Transcribe exactly, and only, the lines running from the one that contains "sparekassendanmark logo primær sort" through the last line of the material. No pictures.

*** Block opens ***

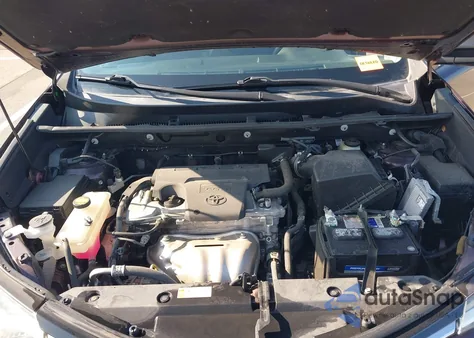 2016 Toyota Rav4 Le from USA, damaged, VIN 2T3ZFREV5GW248202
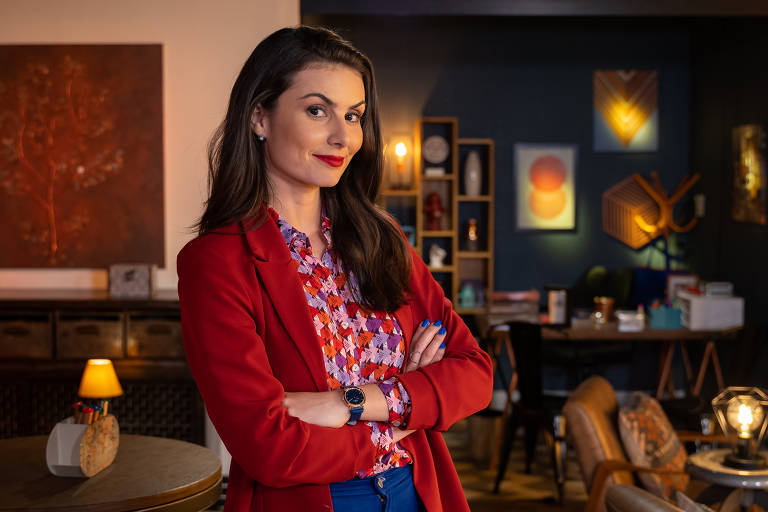 A especialista em finanças pessoais e empreendedora Nathalia Arcuri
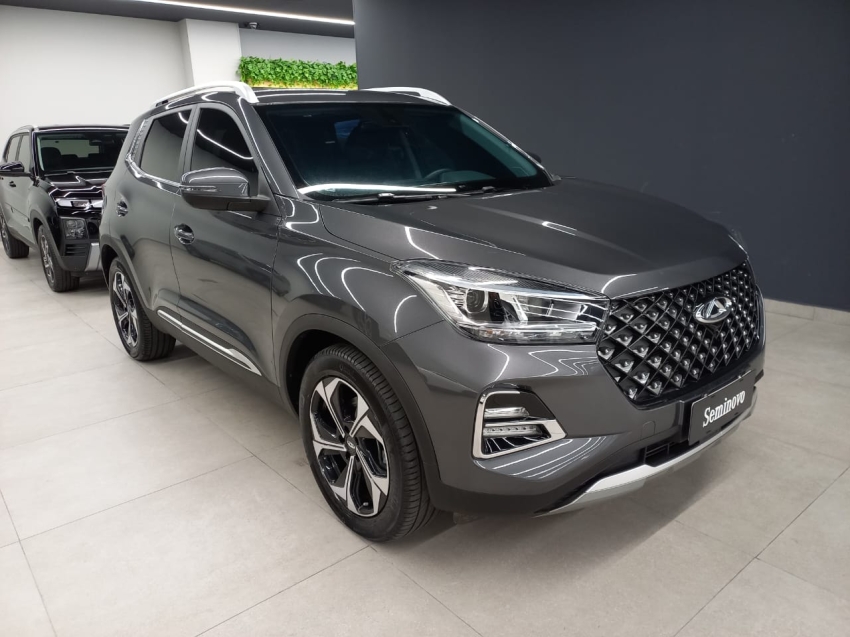 caoa chery tiggo 5x pro 1.5 vvt turbo iflex cvt flex 4p automatico 20242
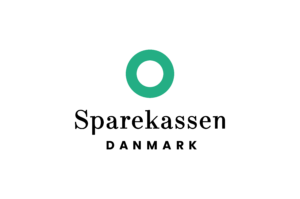 sparekassendanmark logo primær sort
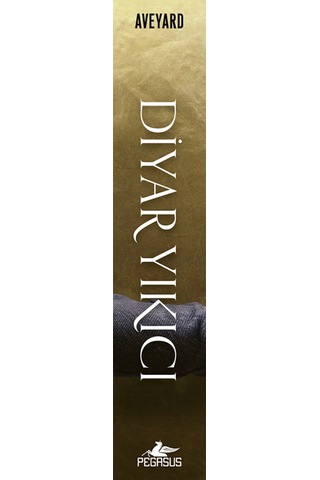 Diyar Yıkıcı Ciltli - Diyar Yıkıcı Serisi 1. Kitap Victoria Aveyard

*** Block closes ***

_EXPECTED ANSWER_.
 sparekassendanmark logo primær sort
 Diyar Yıkıcı Ciltli - Diyar Yıkıcı Serisi 1. Kitap Victoria Aveyard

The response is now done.